Make Internet Explorer more secure

Click Start > Run
Type Inetcpl.cpl & click OK
Click on the Security tab
Click Reset all zones to default level
Make sure the Internet Zone is selected & Click Custom level
In the ActiveX section, set the first two options ("Download signed and unsigned ActiveX controls) to "Prompt", and ("Initialize and Script ActiveX controls not marked as safe") to "Disable".
Next Click OK, then Apply button and then OK to exit the Internet Properties page.

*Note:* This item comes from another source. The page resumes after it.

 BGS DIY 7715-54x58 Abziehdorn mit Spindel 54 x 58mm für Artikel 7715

* MVPS Hosts file (http://mvps.org/winhelp2002/hosts.htm) replaces your current HOSTS file with one containing well known ad sites and other bad sites. Basically, this prevents your computer from connecting to those sites by redirecting them to 127.0.0.1 which is your local computer, meaning it will be difficult to infect yourself in the future.

* Please consider using an alternate browser. Mozilla's Firefox browser is fantastic; it is much more
secure than Internet Explorer, immune to almost all known browser hijackers, and also has the best built-in pop up
blocker (as an added benefit!) that I have ever seen. If you are interested, Firefox may be downloaded from
Here (http://www.mozilla.org/products/firefox/)

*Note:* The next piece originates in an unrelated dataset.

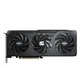 Відеокарта ігрова (2026) Gigabyte GeForce RTX 5060 Ti Gaming OC 16GB GDDR7 DLSS4 - зображення 4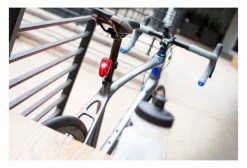 Paire D'Éclairages Nite Rider Lumina Oled 1200 Boost / Solas 250 -Pas Cher Éclairage Vélo Magasin unnamed file 1403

* Take a good look at the following suggestions for malware prevention by reading Tony Klein’s article 'How Did I Get Infected In The First Place'
Here (http://forums.spywareinfo.com/index.php?showtopic=60955)

Thank you for your patience, and performing all of the procedures requested.

SebastianK
2008-05-30, 20:20
Thx for helping me ^^

Rorschach112
2008-05-30, 20:21
Since this issue appears to be resolved ... this Topic has been closed. Glad I could help.

Note: If it has been five days or more since your last post, and the helper assisting you posted a response to that post to which you did not reply, your topic will not be reopened. At that point, if you still require help, please start a new topic and include a fresh HijackThis log and a link to your previous thread.

If it has been less than five days since your last response and you need the thread re-opened, please send me or your helper a private message (pm). A valid, working link to the closed topic is required.